EXERCISE REQUIREMENTS: Give back an exact copy of the lines in the records below, from the line that has "Автомобиль Нескользящая внутренняя" through the line that has "Anti MM-12 Metilkobalamin Çiğneme Tableti", and nothing besides.

ENTRIES SHOWN:
::::::

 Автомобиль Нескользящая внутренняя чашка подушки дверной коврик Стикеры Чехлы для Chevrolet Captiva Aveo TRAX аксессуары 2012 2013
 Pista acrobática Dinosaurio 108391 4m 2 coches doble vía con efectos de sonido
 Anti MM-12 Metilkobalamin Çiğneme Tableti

::::::

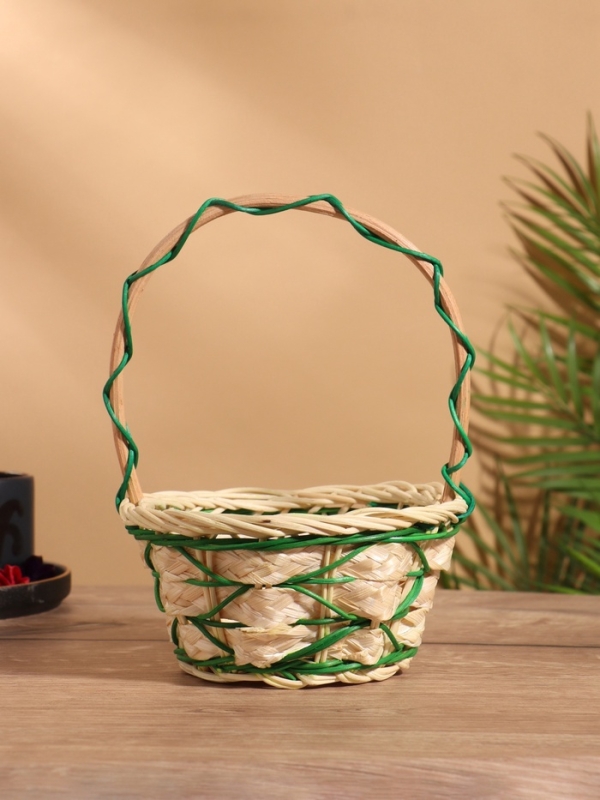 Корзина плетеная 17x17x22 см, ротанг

::::::

THE COMPLETED TASK:
 Автомобиль Нескользящая внутренняя чашка подушки дверной коврик Стикеры Чехлы для Chevrolet Captiva Aveo TRAX аксессуары 2012 2013
 Pista acrobática Dinosaurio 108391 4m 2 coches doble vía con efectos de sonido
 Anti MM-12 Metilkobalamin Çiğneme Tableti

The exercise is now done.